• [RECORDS SHOWN]
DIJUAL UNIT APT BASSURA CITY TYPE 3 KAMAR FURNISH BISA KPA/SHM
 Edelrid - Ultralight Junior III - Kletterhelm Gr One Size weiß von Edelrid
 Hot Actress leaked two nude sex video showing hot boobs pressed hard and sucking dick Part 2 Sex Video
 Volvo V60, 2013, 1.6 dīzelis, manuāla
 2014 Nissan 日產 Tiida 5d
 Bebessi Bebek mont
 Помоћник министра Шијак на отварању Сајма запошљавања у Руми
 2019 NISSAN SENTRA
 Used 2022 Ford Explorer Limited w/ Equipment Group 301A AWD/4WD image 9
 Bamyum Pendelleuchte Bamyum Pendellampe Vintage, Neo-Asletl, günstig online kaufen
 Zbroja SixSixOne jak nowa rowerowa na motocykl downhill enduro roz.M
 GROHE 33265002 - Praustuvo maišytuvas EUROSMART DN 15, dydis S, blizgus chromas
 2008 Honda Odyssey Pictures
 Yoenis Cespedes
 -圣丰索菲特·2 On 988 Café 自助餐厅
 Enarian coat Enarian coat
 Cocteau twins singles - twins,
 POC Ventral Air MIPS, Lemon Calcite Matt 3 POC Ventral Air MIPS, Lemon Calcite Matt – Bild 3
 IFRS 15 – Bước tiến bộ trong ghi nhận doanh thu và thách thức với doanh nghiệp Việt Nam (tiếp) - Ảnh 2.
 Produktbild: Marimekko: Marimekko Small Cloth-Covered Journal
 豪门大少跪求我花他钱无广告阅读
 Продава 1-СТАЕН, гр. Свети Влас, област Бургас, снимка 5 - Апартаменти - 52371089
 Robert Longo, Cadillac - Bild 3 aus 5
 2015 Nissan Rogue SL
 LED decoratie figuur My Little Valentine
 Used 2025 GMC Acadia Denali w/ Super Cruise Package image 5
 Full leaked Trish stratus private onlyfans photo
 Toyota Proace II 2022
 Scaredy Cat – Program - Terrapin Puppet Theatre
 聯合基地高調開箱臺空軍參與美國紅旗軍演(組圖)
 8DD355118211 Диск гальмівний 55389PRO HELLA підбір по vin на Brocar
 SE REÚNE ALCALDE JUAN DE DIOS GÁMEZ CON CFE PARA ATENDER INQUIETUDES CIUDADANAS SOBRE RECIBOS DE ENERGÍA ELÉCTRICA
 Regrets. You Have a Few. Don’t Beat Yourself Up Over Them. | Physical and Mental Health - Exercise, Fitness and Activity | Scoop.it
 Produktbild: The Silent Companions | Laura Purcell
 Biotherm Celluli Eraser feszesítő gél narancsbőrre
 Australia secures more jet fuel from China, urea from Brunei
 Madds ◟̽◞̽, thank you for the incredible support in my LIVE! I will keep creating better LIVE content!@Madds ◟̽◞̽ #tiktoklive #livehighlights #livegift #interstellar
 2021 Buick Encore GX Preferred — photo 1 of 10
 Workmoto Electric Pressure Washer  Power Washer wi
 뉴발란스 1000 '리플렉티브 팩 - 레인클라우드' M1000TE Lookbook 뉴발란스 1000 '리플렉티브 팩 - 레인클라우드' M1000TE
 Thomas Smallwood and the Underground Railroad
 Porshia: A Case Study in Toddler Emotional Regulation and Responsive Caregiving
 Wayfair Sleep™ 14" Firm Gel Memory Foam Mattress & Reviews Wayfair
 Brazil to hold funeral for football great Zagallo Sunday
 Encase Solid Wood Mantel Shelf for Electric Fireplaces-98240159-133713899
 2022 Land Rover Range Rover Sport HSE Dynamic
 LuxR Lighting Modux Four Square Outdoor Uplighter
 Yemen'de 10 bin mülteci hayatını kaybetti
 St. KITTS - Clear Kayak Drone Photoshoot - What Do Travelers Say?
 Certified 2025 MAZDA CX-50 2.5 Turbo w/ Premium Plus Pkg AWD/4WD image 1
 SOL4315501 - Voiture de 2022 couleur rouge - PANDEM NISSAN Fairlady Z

• [EXERCISE OBJECTIVE] Lines from the top of the entries through the line with "Volvo V60, 2013, 1.6 dīzelis, manuāla" are to be transcribed exactly, and nothing more.

• [TASK RESPONSE]
DIJUAL UNIT APT BASSURA CITY TYPE 3 KAMAR FURNISH BISA KPA/SHM
 Edelrid - Ultralight Junior III - Kletterhelm Gr One Size weiß von Edelrid
 Hot Actress leaked two nude sex video showing hot boobs pressed hard and sucking dick Part 2 Sex Video
 Volvo V60, 2013, 1.6 dīzelis, manuāla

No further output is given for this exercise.